Young Tony Soprano played by Gandolifini and Dickie Moltisanti played by Nivola. (Via Indie Wire)

By Veronica Carbonell // Contributing Writer

The long-awaited prequel to critically acclaimed, award winning HBO show, “The Sopranos,” is finally hitting theaters Oct. 1 with an HBO Max release scheduled for later that month. 

Sorry to disappoint long-time fans of the show, but “The Many Saints of Newark” doesn’t actually revolve around a young Tony Soprano played by the late James Gandolfini’s son, Michael Gandolfini.

Instead, the film centers around his uncle, Dickie Moltisanti, played by ​​Alessandro Nivola. A young Tony idolized his uncle dearly and he in many ways was the one who made Tony Soprano the memorable character we know.

The film chronicles Dickie’s life as a mobster and the trouble he faces, as well as the strong bond shared between uncle and nephew. 

Nivola said that likely the greatest tragedy of the film is that despite the two characters being so close, Tony never truly got to know the real Dickie and how he was unravelling emotionally and physically. Had Tony known, he might have gone down a very different path. 

The film begins in 1967 Newark, New Jersey where crime is at an all-time high and the mob runs the city. Unlike most mob movies, “Many Saints” has the civil rights movement serve as a backdrop with scenes that showcases police brutality and rioting as a response. 

In a new era of mob movies, this addition shows the other side of the city that has nothing to do with mafiosos or Italian Americans.

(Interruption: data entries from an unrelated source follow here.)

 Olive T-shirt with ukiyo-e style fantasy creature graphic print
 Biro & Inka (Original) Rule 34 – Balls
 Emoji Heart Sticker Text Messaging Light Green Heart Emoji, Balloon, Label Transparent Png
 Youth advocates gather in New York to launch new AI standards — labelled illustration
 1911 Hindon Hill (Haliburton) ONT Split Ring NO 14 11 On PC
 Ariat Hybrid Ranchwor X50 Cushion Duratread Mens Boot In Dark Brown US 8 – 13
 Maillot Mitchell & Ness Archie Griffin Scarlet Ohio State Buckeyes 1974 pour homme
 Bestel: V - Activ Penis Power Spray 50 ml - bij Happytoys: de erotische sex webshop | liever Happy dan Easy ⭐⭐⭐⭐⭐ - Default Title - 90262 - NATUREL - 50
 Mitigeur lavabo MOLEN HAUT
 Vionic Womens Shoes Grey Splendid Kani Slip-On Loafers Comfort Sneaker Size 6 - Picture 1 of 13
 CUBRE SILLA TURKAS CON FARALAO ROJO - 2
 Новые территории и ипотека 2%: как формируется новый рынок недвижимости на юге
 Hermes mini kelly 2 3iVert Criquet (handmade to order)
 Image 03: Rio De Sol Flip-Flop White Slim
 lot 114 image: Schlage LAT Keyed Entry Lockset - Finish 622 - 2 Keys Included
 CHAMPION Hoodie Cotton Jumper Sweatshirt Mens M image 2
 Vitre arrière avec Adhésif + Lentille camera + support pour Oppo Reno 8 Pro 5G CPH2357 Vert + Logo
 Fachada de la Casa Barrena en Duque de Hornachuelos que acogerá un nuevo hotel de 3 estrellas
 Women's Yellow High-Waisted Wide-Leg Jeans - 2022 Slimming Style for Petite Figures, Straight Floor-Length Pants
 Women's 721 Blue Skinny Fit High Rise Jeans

When asked about the racist language used to accurately portray the time period and the disconnect between both groups, Galdofini said, ​​”Silence and not talking about the issues is so harmful. You see these riots and then the Soprano family never once touches upon it because it doesn’t affect them. They are extremely sheltered.”  

One of the film’s main characters, Harold McBreyer, played by “Hamilton’s” Leslie Odom Jr., is a gangster who works for Dickie. He carries the movie with an extremely layered performance, and greatly holds his own with acting greats like Ray Liotta, who plays Dickie’s father, Aldo. 

Harold McBreyer played by Odom Jr. (Cinema Blend).

Another performance includes Vera Farmiga, known for TV show “Bates Motel” and “The Conjuring” film series, who plays Tony’s mother, Livia Soprano. 

Long-time fans of the “The Sopranos” know how incredibly pivotal she is to Tony’s upbringing and was actually a main character on the show for a few seasons. 

However, based on how the show depicted Tony’s difficult and estranged relationship with his mother, the movie does very little to showcase this, even in scenes where the two are alone. 

Though the movie does not revolve around Tony’s life specifically, it was still definitely a missed opportunity to further explore a relationship that was so important to the eight season show.  

Nonetheless, with a role as iconic as Tony Soprano, there are undoubtedly very big shoes to fill, especially when the role was played by your own father. 

Gandolifini said that he tried to focus on the role by thinking about it in “bite-sized chunks.”

“I tried not to think about it too much. Thinking too hard about portraying such an iconic role would’ve been too overwhelming,” he states. 

He added that playing a character originated by his father gave him so much pride as an actor and gave him a newfound respect for all that he had accomplished. 

Whether you’re a fan of the show or not, “The Many Saints of Newark” is definitely worth a trip to the movies and a beautiful homage from a son to his late father.